A. Procedural Default

As this Court explained in Brown v. U.S., 583 F.Supp.2d 1330 (S.D.Ga. 2008) (denying Brown's § 2255 and ancillary motions), as reconsidered, 2008 WL 4822542 (S.D.Ga. 11/4/08) (unpublished), Brown alleged that appointed counsel provided him with ineffective assistance of counsel (IAC), and thus imposition of the conviction and sentence against him violates his Sixth Amendment right to counsel. Doc. # 51.

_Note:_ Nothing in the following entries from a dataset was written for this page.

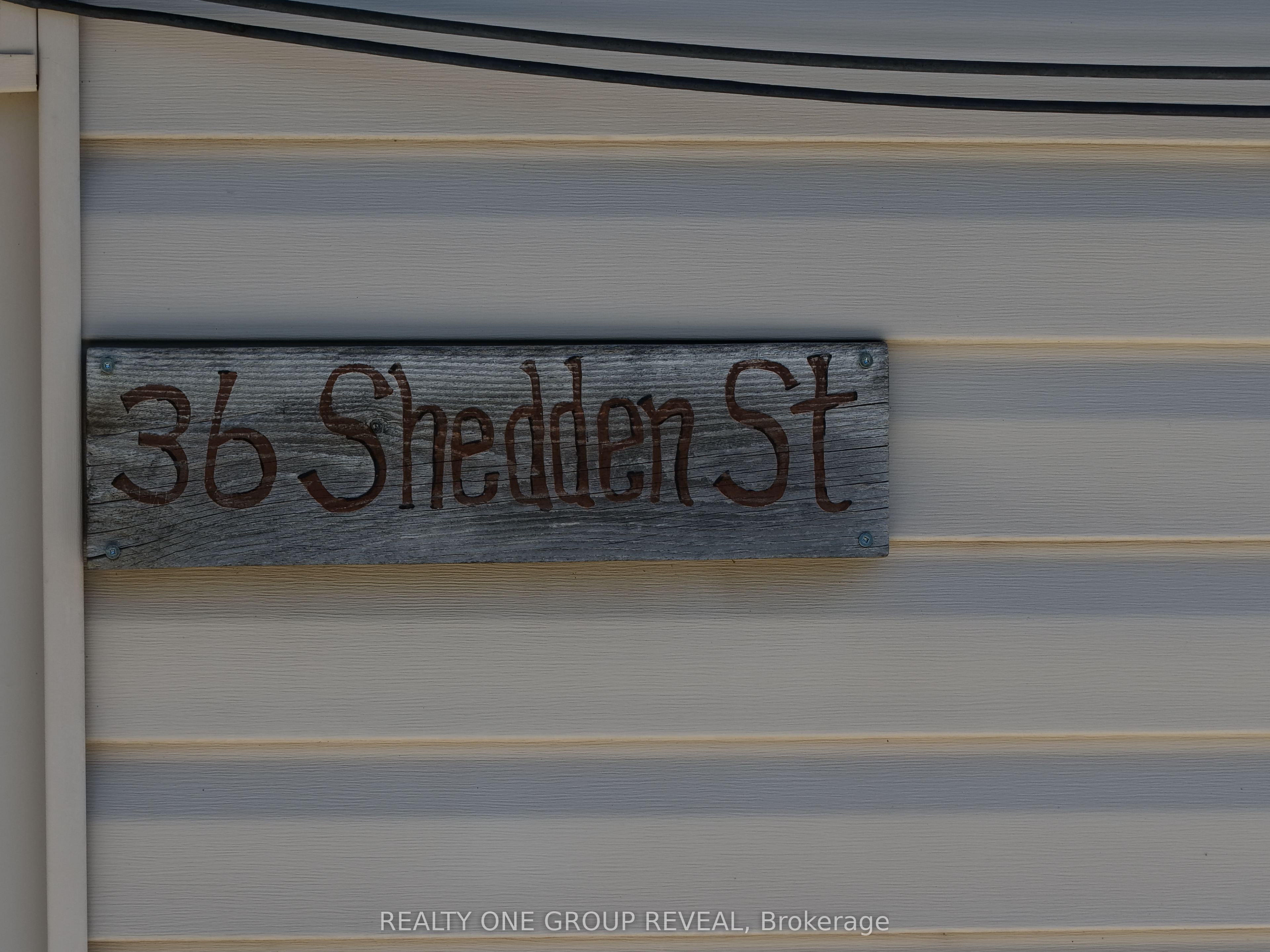 36 Shedden Street, Brock, ON L0E 1E0 photo 5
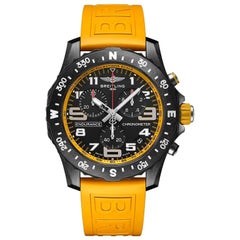 Breitling Endurance Pro Men's Watch X82310A41B1S1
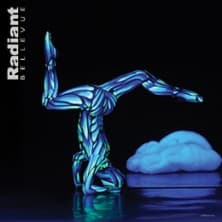 Cosmos - Evolution Dance Theater - Le Radiant - Caluire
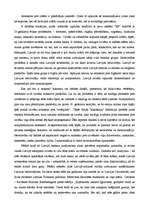 Eseja 'Attieksme pret citādo', 2.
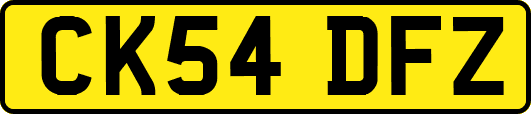 CK54DFZ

Brown enmeshed his IAC allegations in almost every claim that this Court reached. That has complicated much of the Court's § 2255 analysis because of what is, in hindsight, this Court's troublesome decision to allow one of Brown's appellate lawyers (J.L. Ertel) to continue as § 2255 counsel. See U.S. v. Brown, 2007 WL 1812632 (S.D.Ga. 6/18/07) (unpublished) (order appointing § 2255 counsel to represent Brown).

Some background: Brown's two trial lawyers were replaced by two new lawyers (J.L. Ertel and D.F. Samuel) on appeal. Brown, 2007 WL 1812632 at * 2. After that appeal was denied, Brown moved this Court for statutory ( 18 U.S.C. § 3599) compensation for two lawyers to represent him. Doc. # 1. The Court authorized compensation for only one — J.L. Ertel or Mark Olive, with counsel free to "switch . . . if they so choose. . . ." Brown, 2007 WL 1812632 at * 4 (noting that Brown had failed to show "good cause," as required by § 3599, for two, so the two proposed lawyers could decide who would represent him).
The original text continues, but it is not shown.